For a Church or a Christian to wrap a Christian symbol in the symbol of a nation-state, e.g. a flag, is to generate spiritual cacophony in the souls of people and in the Church. It is to make unclear what is clear, namely, the empirical verifiability that the state does not live by the truths and values, the means and ends of Jesus. As the late Carl J. Friedrich, one of the world’s leading political scientists, friend and confidant of Henry Kissinger and former Eaton Professor of Government at Harvard University, wrote on the concluding page of his four hundred page book, The Pathology of Power: “Our analysis has, I hope, shown that politics needs all these dubious practices; it cannot be managed without violence, deceit, betrayal, corruption and propaganda.” To interlace a symbol of the reign of violence, deceit, betrayal, corruption with a symbol of the reign of God as proclaimed by the Jesus in the Gospels is to propagate untruth as truth. It is to breed evil under the auspices of good.    

Whether this fusing of state symbols with Christian symbols is done out of ignorance, religious zeal or base motives, e.g., the lust for power and prestige, greed, cavalier indifference to truth, etc., the consequence is the same. Human beings are led toward the abyss of agony and destruction rather than the fullness of life in eternal communion with the Holy One. It is a terrible price that ordinary people pay—Christians and non-Christians— when the “Keepers of the Symbols” in the Church, the bishops and their clergy, merge contradictory symbols. Such an anschluss breeds evil under the canopy of the holy.

In large part, today in the U.S. Mary, the Mother of Jesus, is just another propaganda gimmick in the arsenal of deception at the disposal of American civil and ecclesiastical politicos. She has been equivalently misused before, e.g. in capitalist’s Church-State joint operations to attack communism and socialism. But, to the best my knowledge, never before has the Mother of Jesus been so audaciously exploited at this level of  “Bush-Obama in-your-face, might-makes-right and there-is-nothing-you-can-do-about-it,” brazenness. I do not think that even the Orthodox Churches, for whom the idolatry of nationalism has been a long abiding evil and scandal have ever put a national flag around the Mother of God in an icon.

To pray with Mary to Jesus on behalf of people or on behalf of a group of people is fine. To pray for a cause is most appropriate, providing it is not in contradiction of the will of God as revealed by Jesus. But, to clothe the Blessed Mother of Jesus in the American flag, or any national flag, is evil because it communicates untruth as truth concerning the will of God for the salvation of the world as revealed by Jesus.

Would this have been an acceptable image of the Blessed Mother to have displayed in every parish of a diocese? If so, why so? If not, why not?
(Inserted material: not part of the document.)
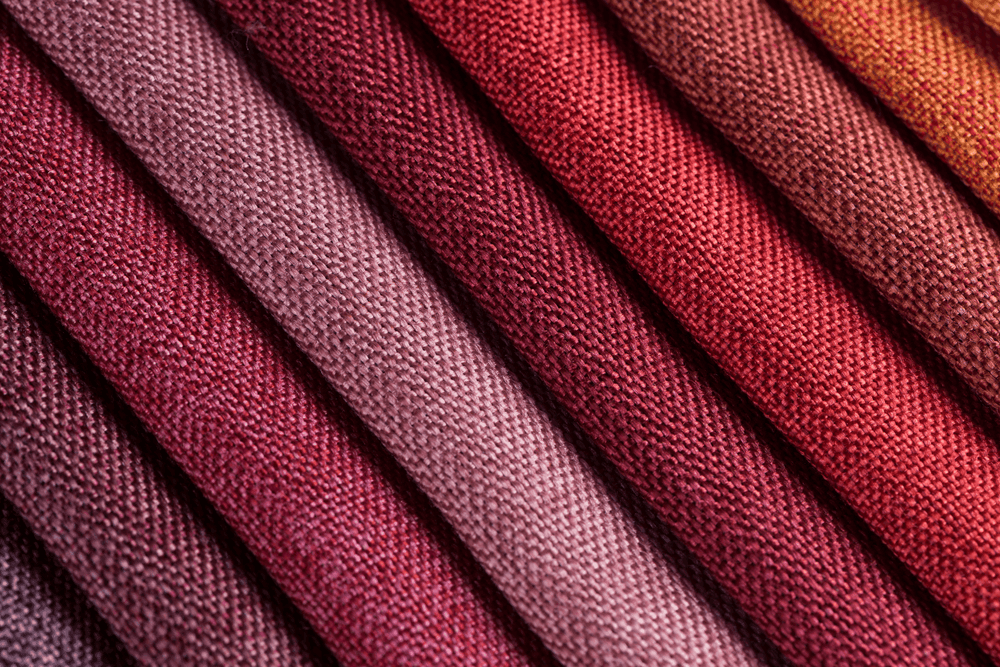 Close-up of folded fabric in shades of red, placed in a layered pattern at Hotel Westminster Paris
Would this have been an acceptable image of the Blessed Mother to have displayed in every parish of a diocese? If so, why so? If not, why not?

Today in the U.S. 25% of the adult population identifies itself as Catholic. 76% of the population says it is Christian. In the 1938 German census 40% of the adults identified themselves as Catholic and 58% identified themselves as Lutheran. Lutherans, like Catholics, have a theology and a spirituality that sees Mary as having a special place in the economy of salvation. Luther wrote a hundred and fifty tracts on the Blessed Mother of Jesus and supposedly died holding a rosary. So, I ask you, my reader, in 1938 when this was the official national flag of Germany, would this have been an acceptable image of Mary for a bishop to place on the front page of his diocesan German Catholic newspaper? Would this have been an acceptable image of the Blessed Mother to have displayed in every parish of a diocese? If so, why so? If not, why not?
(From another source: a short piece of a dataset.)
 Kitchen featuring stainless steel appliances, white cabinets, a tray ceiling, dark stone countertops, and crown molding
Beware of the Orwellian Christian symbolism that is snaking its way—with the help of some very wealthy and politically powerful people and their chosen hierarchical puppets—into the increasingly militaristic and nationalistic U.S. Christian Churches. These ever more prevalent doublespeak symbols must not be taken lightly. They can be choice determining and “energy directing.” They are a real danger, indeed, an extreme personal, social and spiritual danger, to the Christian, for they point him or her or the Christian community in the wrong way on a one-Way highway.